Reputation: 111
I'm trying to understand how to use evented web servers with a combination of async sinatra and EventMachine.
In the code below each request on '/' will generate a new async http request to google. Is there an elegant solution for detecting that a request is already ongoing and waiting for its execution ?
If I have 100 concurrent requests on '/', this will generate 100 requests to the google backend. It would be much better to have a way to detect there is already an ongoing backend request and wait for its execution.
thanks for the answer.
require 'sinatra'
require 'json'
require 'eventmachine'
require 'em-http-request'
require 'sinatra/async'
Sinatra.register Sinatra::Async
def get_data
puts "Start request"
http = EventMachine::HttpRequest.new("http://www.google.com").get
http.callback {
puts "Request completed"
yield http.response
}
end
aget '/' do
get_data {|data| body data}
end
Update
I actually discovered you can add several callbacks to the same http request. So, it's easy to implement:
class Request
def get_data
if !@http || @http.response_header.status != 0
#puts "Creating new request"
@http = EventMachine::HttpRequest.new("http://www.bbc.com").get
end
#puts "Adding callback"
@http.callback do
#puts "Request completed"
yield @http.response
end
end
end
$req = Request.new
aget '/' do
$req.get_data {|data| body data}
end
This gives a very high number of requests per second.
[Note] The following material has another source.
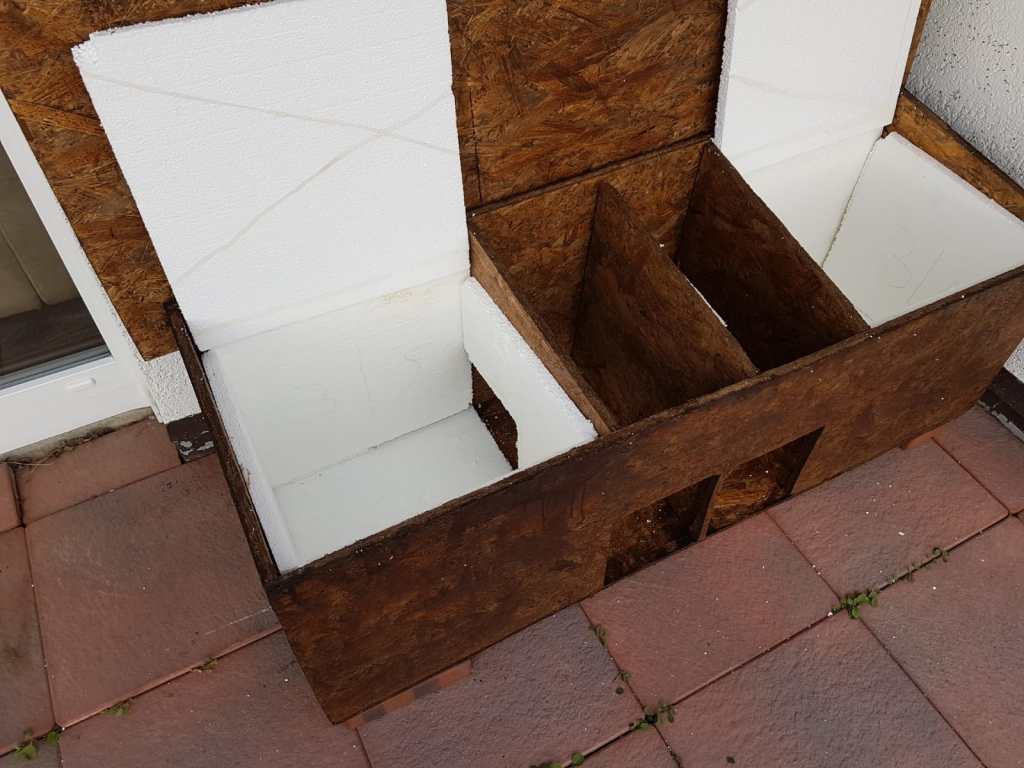 Katzenhaus mit Styropor ausgekleidet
Cool!
Upvotes: 2
Views: 1839
Reputation: 4900
You don't have to use sinatra/async at all to make it evented, just run it with an evented server (Thin, Rainbows!, Goliath).
Take a look at em-synchrony for an example of making multiple parallel requests without introducing spaghetti callback code:
require "em-synchrony"
require "em-synchrony/em-http"
EventMachine.synchrony do
multi = EventMachine::Synchrony::Multi.new
multi.add :a, EventMachine::HttpRequest.new("http://www.postrank.com").aget
multi.add :b, EventMachine::HttpRequest.new("http://www.postrank.com").apost
res = multi.perform
p "Look ma, no callbacks, and parallel HTTP requests!"
p res
EventMachine.stop
end
And yes, you can run this inside your Sinatra action.
Also take a look at Faraday, specifically with EM adapter.